Love your commute-free workday away from the glare of fluorescent lights?
Just don't get too comfortable. A recent study in the MIT Sloan Management Review found that bosses are more likely to attribute traits like "responsible" and "dependable" to in-office workers than those who work from home.
"This leads to lower performance evaluations for telecommuters," says Kimberly Elsbach, an author of the study and a professor at the University of California at Davis.
If you're among the 13 million U.S. employees who work remotely at least once a week, try these moves to seem as present as those who appear in the office every day.
Return calls as well as emails ASAP and make it easier for people to reach you by forwarding your office phone to a dedicated home-office line.
When you have to be out, make sure colleagues know in advance, and put an automatic reply on your email that says when you'll be reachable again.
"Telecommuters need to overcompensate for being out of sight," says Lynn Taylor, author of Tame Your Terrible Office Tyrant.
Also, don't be shy about self-promotion. Make a habit of sending your supervisor a weekly update summarizing recent accomplishments.

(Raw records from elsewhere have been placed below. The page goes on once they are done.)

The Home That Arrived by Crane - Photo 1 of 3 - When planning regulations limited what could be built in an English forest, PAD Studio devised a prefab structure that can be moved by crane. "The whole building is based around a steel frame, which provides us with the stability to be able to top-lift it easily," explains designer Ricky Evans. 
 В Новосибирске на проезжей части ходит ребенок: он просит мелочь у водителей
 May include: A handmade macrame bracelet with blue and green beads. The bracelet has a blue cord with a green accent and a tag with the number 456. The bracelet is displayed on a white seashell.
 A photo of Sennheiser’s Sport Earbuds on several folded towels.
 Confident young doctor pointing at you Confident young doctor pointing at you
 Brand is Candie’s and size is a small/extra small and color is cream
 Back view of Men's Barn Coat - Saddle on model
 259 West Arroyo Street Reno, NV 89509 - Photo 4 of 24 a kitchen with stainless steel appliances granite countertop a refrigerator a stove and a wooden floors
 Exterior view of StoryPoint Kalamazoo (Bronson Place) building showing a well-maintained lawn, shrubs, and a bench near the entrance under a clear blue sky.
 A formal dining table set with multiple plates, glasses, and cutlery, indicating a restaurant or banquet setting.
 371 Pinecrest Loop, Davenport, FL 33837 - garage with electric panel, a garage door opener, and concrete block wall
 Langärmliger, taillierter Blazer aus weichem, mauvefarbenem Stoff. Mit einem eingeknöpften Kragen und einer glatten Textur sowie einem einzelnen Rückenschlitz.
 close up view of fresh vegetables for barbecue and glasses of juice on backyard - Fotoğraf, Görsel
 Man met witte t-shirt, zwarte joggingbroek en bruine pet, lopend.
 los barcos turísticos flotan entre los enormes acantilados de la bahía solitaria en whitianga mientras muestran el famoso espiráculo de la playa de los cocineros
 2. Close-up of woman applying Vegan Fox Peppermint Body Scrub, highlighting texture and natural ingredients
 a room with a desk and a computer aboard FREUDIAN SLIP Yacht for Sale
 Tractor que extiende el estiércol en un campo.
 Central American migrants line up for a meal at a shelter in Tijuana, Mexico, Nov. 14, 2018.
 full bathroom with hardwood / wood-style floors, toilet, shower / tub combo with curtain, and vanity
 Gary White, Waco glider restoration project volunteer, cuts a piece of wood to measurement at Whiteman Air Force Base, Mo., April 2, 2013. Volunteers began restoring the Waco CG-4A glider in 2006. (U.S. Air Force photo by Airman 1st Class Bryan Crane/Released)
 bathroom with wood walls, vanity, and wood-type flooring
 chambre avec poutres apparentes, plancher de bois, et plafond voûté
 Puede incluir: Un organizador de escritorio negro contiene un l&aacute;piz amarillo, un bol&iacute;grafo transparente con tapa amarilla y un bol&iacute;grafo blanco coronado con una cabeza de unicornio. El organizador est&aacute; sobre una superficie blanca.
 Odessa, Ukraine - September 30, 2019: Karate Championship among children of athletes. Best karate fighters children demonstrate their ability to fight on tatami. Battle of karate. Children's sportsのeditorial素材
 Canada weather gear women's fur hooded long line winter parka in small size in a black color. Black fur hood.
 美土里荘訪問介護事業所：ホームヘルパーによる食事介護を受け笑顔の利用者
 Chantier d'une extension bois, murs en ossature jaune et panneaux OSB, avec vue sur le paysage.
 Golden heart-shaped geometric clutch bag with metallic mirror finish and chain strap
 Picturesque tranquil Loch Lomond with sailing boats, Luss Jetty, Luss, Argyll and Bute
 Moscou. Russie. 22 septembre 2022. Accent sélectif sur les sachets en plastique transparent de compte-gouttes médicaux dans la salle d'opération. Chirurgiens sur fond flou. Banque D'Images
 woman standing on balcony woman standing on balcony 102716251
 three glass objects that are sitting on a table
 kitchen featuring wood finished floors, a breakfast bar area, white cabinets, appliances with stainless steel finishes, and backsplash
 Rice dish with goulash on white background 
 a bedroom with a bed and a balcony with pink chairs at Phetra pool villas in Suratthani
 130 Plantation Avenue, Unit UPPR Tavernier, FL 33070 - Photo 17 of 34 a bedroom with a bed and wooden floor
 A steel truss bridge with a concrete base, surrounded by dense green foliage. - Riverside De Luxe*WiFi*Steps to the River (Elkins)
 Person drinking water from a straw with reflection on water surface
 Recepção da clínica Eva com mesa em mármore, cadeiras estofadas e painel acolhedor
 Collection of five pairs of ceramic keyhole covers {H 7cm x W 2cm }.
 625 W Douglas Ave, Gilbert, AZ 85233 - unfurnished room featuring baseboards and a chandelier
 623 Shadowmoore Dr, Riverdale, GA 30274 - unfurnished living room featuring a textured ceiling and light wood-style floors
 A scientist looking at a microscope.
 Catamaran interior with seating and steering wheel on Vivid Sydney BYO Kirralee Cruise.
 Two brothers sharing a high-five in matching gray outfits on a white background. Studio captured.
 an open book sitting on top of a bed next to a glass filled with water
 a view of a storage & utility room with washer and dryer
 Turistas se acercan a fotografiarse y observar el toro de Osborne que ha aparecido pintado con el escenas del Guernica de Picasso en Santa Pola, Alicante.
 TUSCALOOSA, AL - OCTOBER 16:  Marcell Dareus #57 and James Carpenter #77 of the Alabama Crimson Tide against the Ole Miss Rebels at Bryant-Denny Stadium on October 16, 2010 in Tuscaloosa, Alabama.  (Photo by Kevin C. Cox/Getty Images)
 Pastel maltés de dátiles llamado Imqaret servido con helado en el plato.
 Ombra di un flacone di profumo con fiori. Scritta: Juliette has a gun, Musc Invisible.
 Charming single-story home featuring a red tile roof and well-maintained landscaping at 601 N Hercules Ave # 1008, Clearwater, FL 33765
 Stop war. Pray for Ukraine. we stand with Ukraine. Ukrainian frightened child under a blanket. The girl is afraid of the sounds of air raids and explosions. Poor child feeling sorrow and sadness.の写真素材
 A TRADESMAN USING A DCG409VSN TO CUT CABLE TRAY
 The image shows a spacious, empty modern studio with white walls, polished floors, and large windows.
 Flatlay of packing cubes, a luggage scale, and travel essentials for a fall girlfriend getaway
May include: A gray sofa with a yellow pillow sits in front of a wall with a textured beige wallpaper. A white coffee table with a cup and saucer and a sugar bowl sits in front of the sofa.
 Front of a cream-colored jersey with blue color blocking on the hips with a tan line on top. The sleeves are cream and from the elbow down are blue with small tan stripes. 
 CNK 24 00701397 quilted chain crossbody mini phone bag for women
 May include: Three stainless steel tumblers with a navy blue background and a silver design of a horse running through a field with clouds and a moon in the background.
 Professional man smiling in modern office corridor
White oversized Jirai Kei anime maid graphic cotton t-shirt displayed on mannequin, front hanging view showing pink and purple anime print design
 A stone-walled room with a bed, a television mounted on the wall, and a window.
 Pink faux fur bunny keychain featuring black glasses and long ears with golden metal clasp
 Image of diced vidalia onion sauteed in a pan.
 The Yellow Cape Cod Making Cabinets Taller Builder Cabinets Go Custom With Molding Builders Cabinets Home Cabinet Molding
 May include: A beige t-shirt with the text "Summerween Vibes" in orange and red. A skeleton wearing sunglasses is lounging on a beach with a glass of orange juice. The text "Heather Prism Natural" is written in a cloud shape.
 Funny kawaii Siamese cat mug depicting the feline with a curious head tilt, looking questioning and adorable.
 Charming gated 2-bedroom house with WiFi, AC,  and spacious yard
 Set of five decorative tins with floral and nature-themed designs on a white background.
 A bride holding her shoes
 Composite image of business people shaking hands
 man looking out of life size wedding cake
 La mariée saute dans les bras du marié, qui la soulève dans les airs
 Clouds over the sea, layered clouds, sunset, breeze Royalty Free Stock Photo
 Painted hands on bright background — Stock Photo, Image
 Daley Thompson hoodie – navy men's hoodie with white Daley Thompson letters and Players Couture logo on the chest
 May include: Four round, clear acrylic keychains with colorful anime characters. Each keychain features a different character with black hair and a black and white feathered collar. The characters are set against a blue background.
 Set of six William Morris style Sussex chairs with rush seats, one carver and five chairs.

Working hard on a project? Send some late-day emails to show that you aren't checking out at 5 p.m.
When colleagues think of you as an integral part of the crew, they're more likely to praise your efforts on a past project or suggest your participation in a future one.
So carve out some time on phone calls to talk to your co-workers about nonwork stuff like family or weekend plans.
"You want to build relationships the same way you would if you saw them in the hallway every day," says Sara Sutton Fell, CEO of FlexJobs.
These chats can also serve as your virtual water cooler, giving you the inside scoop on office sentiment and clueing you in on potential new opportunities.
Know when to show up
A flexible deal can be an advantage when you want to prove your loyalty.
In the face of a major deadline, however, turn up at the office and show your boss that you're willing to make an extra effort to get the job done, even when it's inconvenient for you.
Coming in for important meetings is also key, since your physical presence will make your contribution more memorable than participation by speakerphone.
Whatever your arrangement, if the company should hit a rough patch or you start to hear layoff rumors, haul your keister into the office as much as possible.
Says New York City executive recruiter Stephen Viscusi: "No matter what your performance level, it's a lot easier for a boss to let go of someone that he doesn't see on a regular basis."